Das Verhältnis zwischen der Bundespolitik und dem Bundesverfassungsgericht ist seit jeher spannungsreich. In Karlsruhe wird beklagt, immer mehr politische Entscheidungen würden an das höchste deutsche Gericht verlagert. In Berlin, früher Bonn, wird das Gericht zuweilen mit politischen Erwartungen überfrachtet. Ein ewiger Dualismus. Wechselweise Herbert Wehner oder Horst Ehmke wird der ruppige Satz von Anfang der siebziger Jahre zugeschrieben, man lasse sich die Ostpolitik nicht durch die „acht Arschlöcher in Karlsruhe“ kaputtmachen. 

Der AfD-Bundestagsabgeordnete Stephan Brandner dagegen freute sich über ein „schönes Geburtstagsgeschenk“ der Verfassungsrichter, genau passend übermittelt zu seinem 54. Wiegenfest. Was war passiert? Hatten doch die Richter dessen Abwahl als Vorsitzender des Rechtsausschusses des Bundestages im vergangenen November bestätigt (JF 48/19). Ein Grund zur Freude? Unüberhörbar bei den übrigen Fraktionen. Aber doch wohl kaum bei Brandner selbst.

Doch anders als so mancher vorschnelle Erfahrungsjurist hatte der Fraktionsjustitiar den 16seitigen Beschluß des Zweiten Senats bis zur letzten Zeile durchgelesen. Die Richter haben den Eilantrag der AfD auf Erlaß einer einstweiligen Anordnung zwar abgelehnt, aber zugleich hervorgehoben, daß der Rechtsstreit neue Fragen aufwerfe.

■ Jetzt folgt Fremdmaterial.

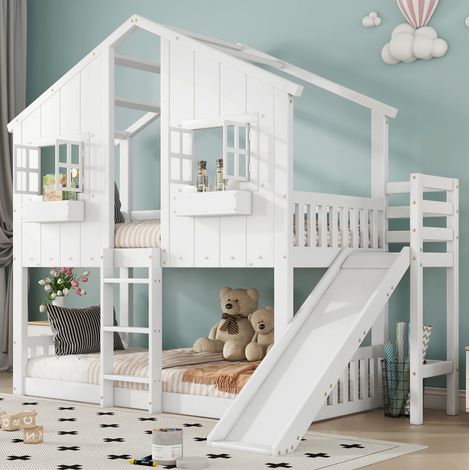 Letto a castello bambini 90x200 cm con scivolo, tetto e finestra, struttura a casetta, bianco (1/5)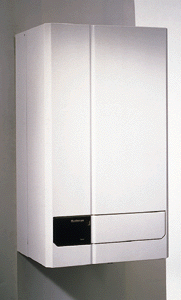 Bild 4: Wandhängender Gas-Brennwertkessel mit integriertem Thermoquick-System und 2,5-Liter Speicher.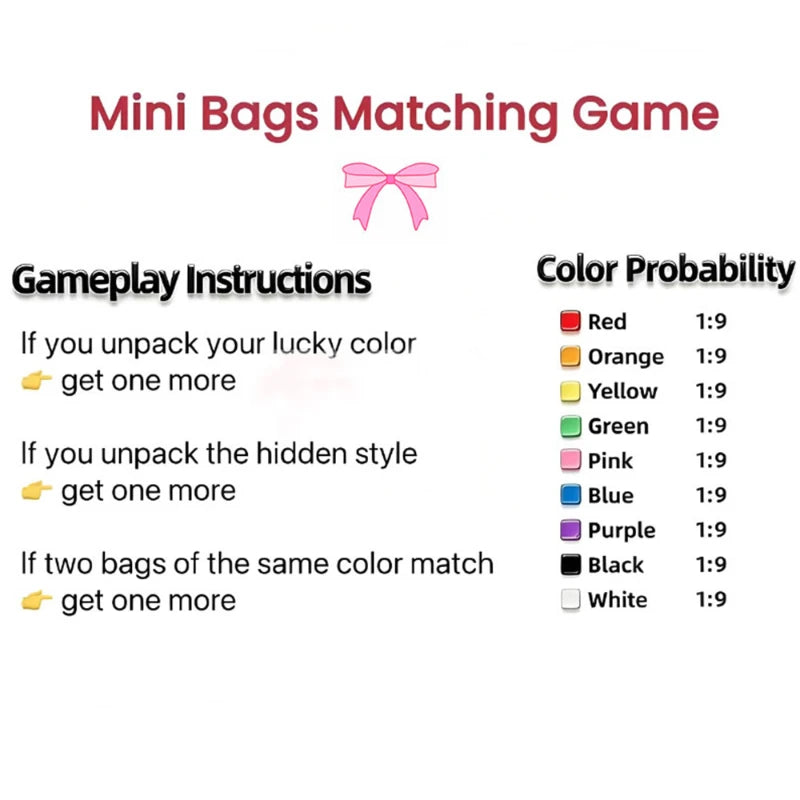 Mini bag matching game blind bag bundle assorted tiny fabric mini pouches with colored beads inside interactive surprise game gift pack aesthetic cute mini bag mystery grab bag party favor bulk gift set for girls kids birthday present assorted pastel small pouch lucky surprise bundle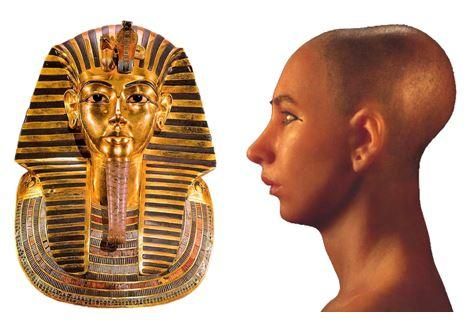 Золотая маска на саркофаге Тутанхамона. Реконструкция внешности Тутанхамона (около 1344-1323 до н. э.).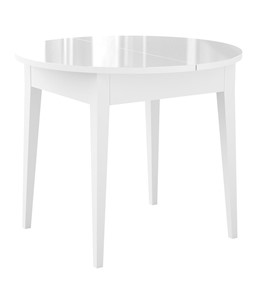 Кухонный стол раздвижной Dikline MR100 Белый/стекло белое глянец/ножки MM белые в Биробиджане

Diese sollen „wegen des offenen Verfahrensausgangs“ vertieft im Hauptverfahren geprüft werden. Darauf stützen Brandner und der Rechtspolitiker der Fraktion, Roman Reusch, ihre Hoffnungen. 50:50 stünden die Chancen auf die Wiedereinsetzung Brandners in sein vormaliges Amt. Der Senat, darunter der scheidende Präsident Andreas Voßkuhle, scheint sich daran zu stören, daß die Abwahl eines Ausschußvorsitzenden in der Geschäftsordnung des Bundestags gar nicht geregelt wird. Nur von dessen Benennung ist die Rede. 

Das Recht der AfD, einen anderen Kandidaten für den Posten zu nominieren, bestreiten die anderen Fraktionen nicht. Doch das Mißtrauen in der größten Oppositionsfraktion sitzt tief, die Erinnerung an fünf gescheiterte Kandidaturen in jeweils drei Wahlgängen für das Amt des Bundestagsvizepräsidenten hat die Fraktion geprägt. So lehnt die AfD die Nominierung eines Brandner-Nachfolgers ab, was ihr vor dem Gericht zum Nachteil gereicht. 

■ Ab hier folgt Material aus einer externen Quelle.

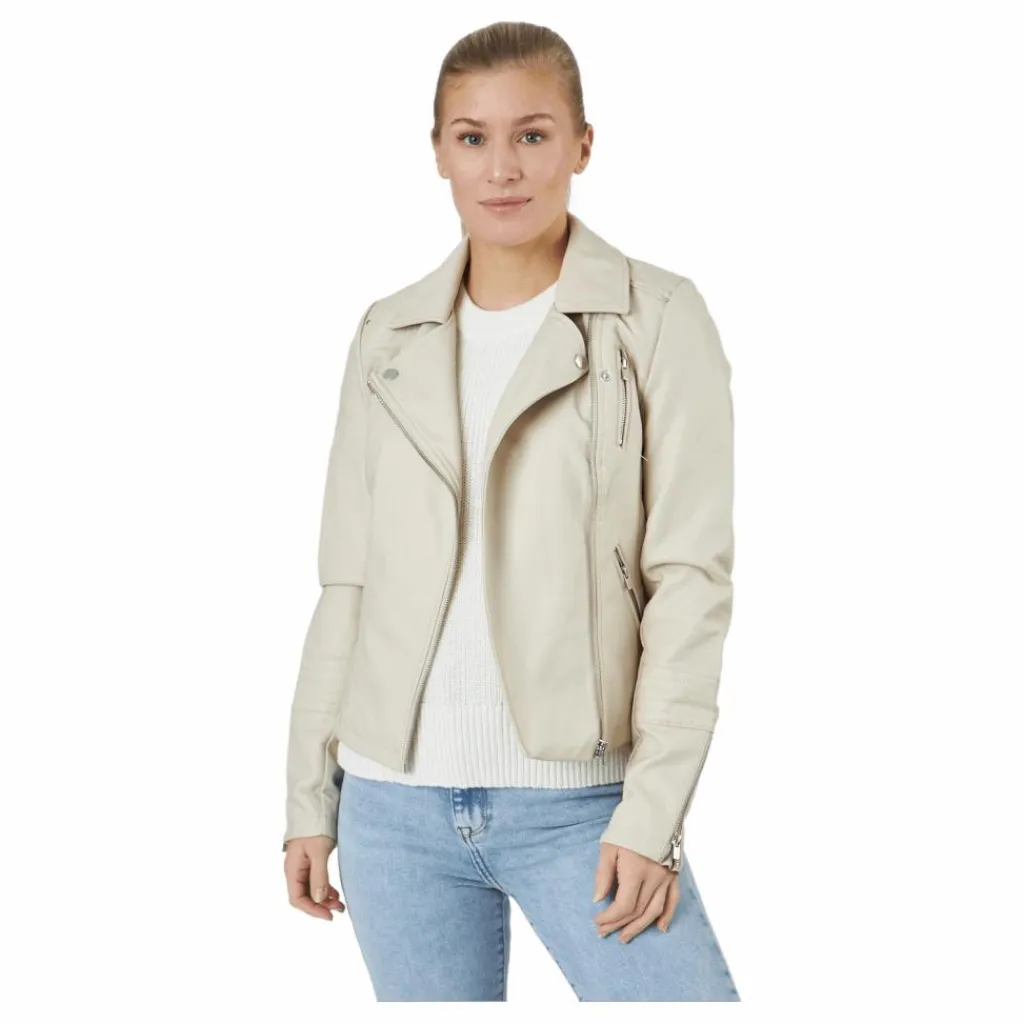 Only Onlgemma Faux Leather Biker Ot Silver Lining Beige Sale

Die AfD hätte es in der Hand, die Schmälerung ihrer Oppositionsrechte durch die Präsentation eines neuen Kandidaten zwar nicht vollends zu beseitigen, aber doch zu verringern, sind die roten Roben überzeugt. Andererseits räumen die Richter ein, eine Oppositionsfraktion dürfe nicht gezwungen werden, wichtige Posten mit den „Mehrheitsfraktionen womöglich genehmeren Persönlichkeiten“ zu besetzen. Stichwort Willkür. 

Brandner ist sich sicher, das endgültige Urteil werde weit über seinen Fall hinausreichen und die Rechte zwischen den Oppositions- und den Mehrheitsfraktionen klären. Da dürften ihm seine Kollegen, die ihn abgesetzt haben, wohl ausnahmsweise zustimmen.